Ce journal a moins la vocation de construire les idées en théorie que de les saisir au moment où elles surgissent. Ici, on veut capter les germes.
Une idée qui m’est venue hier alors que j’étais dans l’Atelier, c’est qu’il existe dans une maison un principe d’organisation. Comment fait-on le tri entre ce que l’on garde et ce l’on rejette ? Pourquoi garder durant des années des livres que l’on ne lit pas ? Quelque part, on pense que l’on en aura besoin un jour.
Plus on dispose d’espace vital, moins on est obligé de se décider à se séparer de telle ou telle chose. L’entrée en maison de retraite où l’on ne dispose que d’une pièce oblige à renoncer à de nombreux possibles. A quel moment doit-on éliminer ?
Si l’on veut créer un nouveau moment, par rapport à son projet, et que ce moment demande de l’espace, on sera obligé de supprimer un espace occupé par du virtuel auquel on renonce ; Lefebvre a pensé la production de l’espace politique, social, urbain. Qu’en est-il de l’espace domestique ? Cette question est bonne. Elle me concerne, mais elle concerne aussi quelques milliards d’êtres humains.
Le corps habite nos vêtements et parfois davantage. La maison est intéressante à étudier car elle est le produit d’une négociation groupale.
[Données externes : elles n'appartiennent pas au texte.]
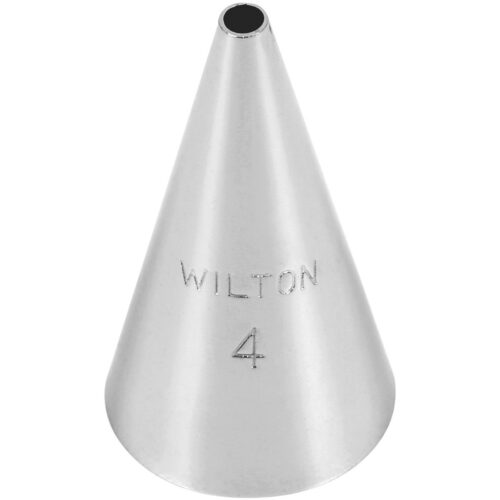 Wilton Decorating Tip Round #004 aus Metall, runde Spritztülle für feine Schriftzüge, Konturen, Perlen und dekorative Ränder auf Torten und Cupcakes.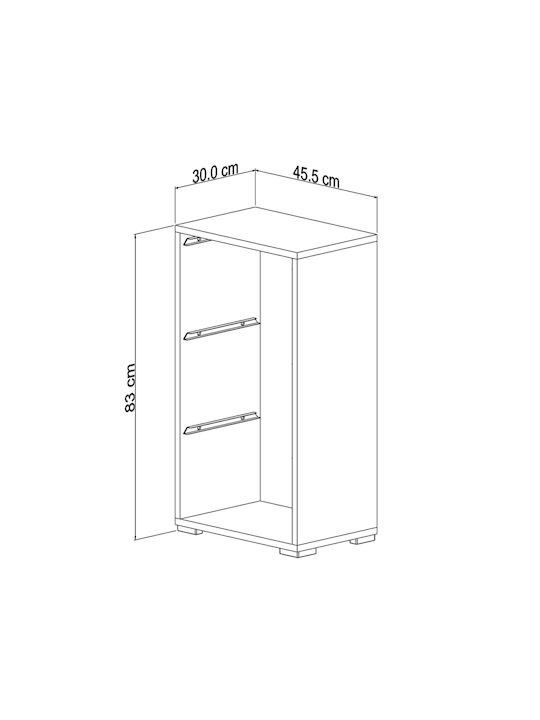 Comodă pentru copii Μελαμινη Alb cu 3 sertare 45.5x30x83buc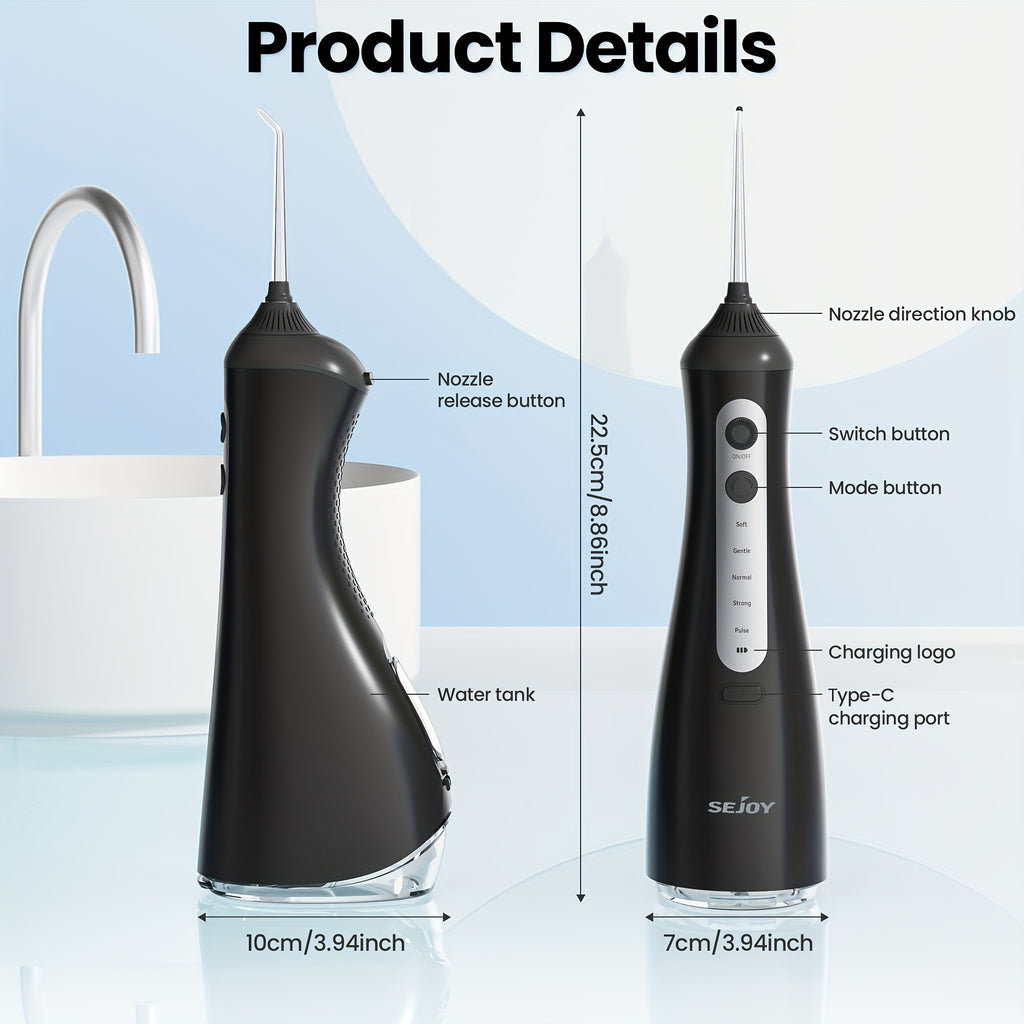 Water Flosser for Teeth Cleaning and Flossing, 5 Modes Rechargeable 11.83oz Water Tank Teeth Cleaner, Portable Electric Flossers for Home and Travel,Black/white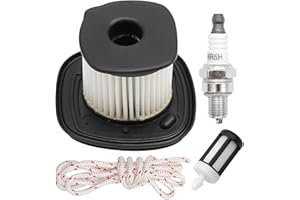 Hoypeyfiy 4241 140 4400 Air Filter Kit with Fuel Filter Spark Plug Pull Cord, Replacement for Stihl BG86C BG86 SH86 SH86C BG56 BG66 Leaf Blower, 4241 140 4403 Air Filter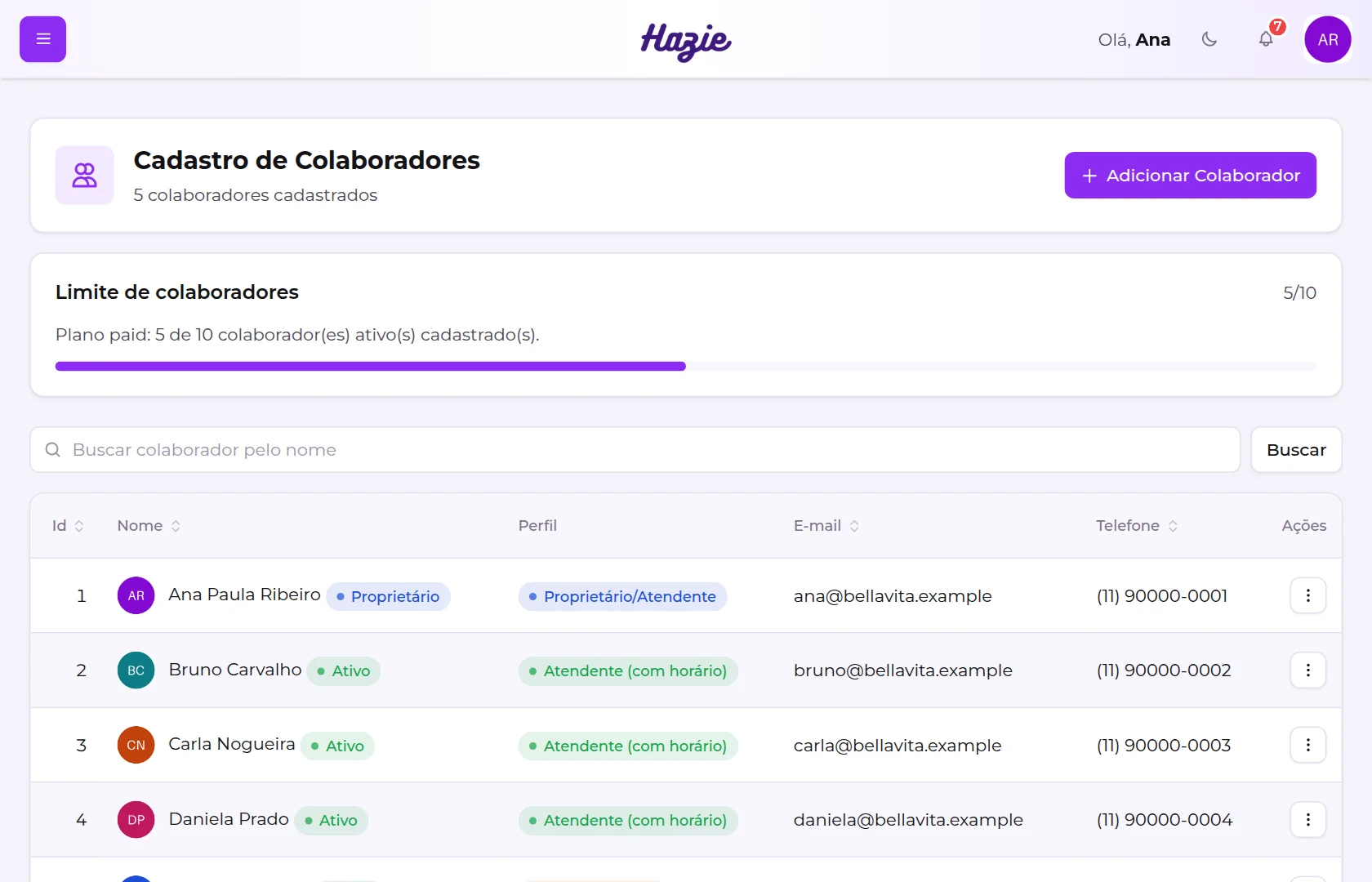 Tela Cadastro de Colaboradores, com o limite do plano, a busca e a lista da equipe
Toute personne qui vit dans une maison doit s’y construire son espace, en fonction des stratégies des autres habitants de la maison.
Le rangement des livres d’art que Lucette a opéré n’est pas celui que j’aurais fait : nous avons deux principes de développement du rangement qui se déduisent des principes plus généraux d’organisation de la maison qui nous habitent.
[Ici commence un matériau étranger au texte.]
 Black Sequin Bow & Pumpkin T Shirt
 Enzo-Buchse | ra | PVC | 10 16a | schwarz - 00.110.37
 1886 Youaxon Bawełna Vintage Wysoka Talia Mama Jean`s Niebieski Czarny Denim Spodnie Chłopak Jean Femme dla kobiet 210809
Quand je rencontre Lucette, par exemple, j’apporte le principe du rangement des livres dans des caisses en bois. Lucette souscrit à cette organisation. Elle l’accepte. Elle m’encourage à la développer. Elle apporte d’autres techniques ou méthodes qui sont gérées par des principes qu’elles cherchent à développer.
Romain, Charlotte, Pépé, Mémé induisent des principes d’organisation (Pépé a une influence sur le jardin). Ces personnes agissent sur la durée.
D’autres personnes surviennent un jour et apportent quelque chose du point de vue de leur savoir-faire :
- François nous encourage à produire une théorie des joints (pierres apparentes jointées).
- Mémé défend la place de la tarte dans une économie domestique comme la nôtre.
- Lorenzo apporte la philosophie des terrasses.
- Sandrine déploie les objets techniques (téléphone, ordinateurs, machine à coudre)…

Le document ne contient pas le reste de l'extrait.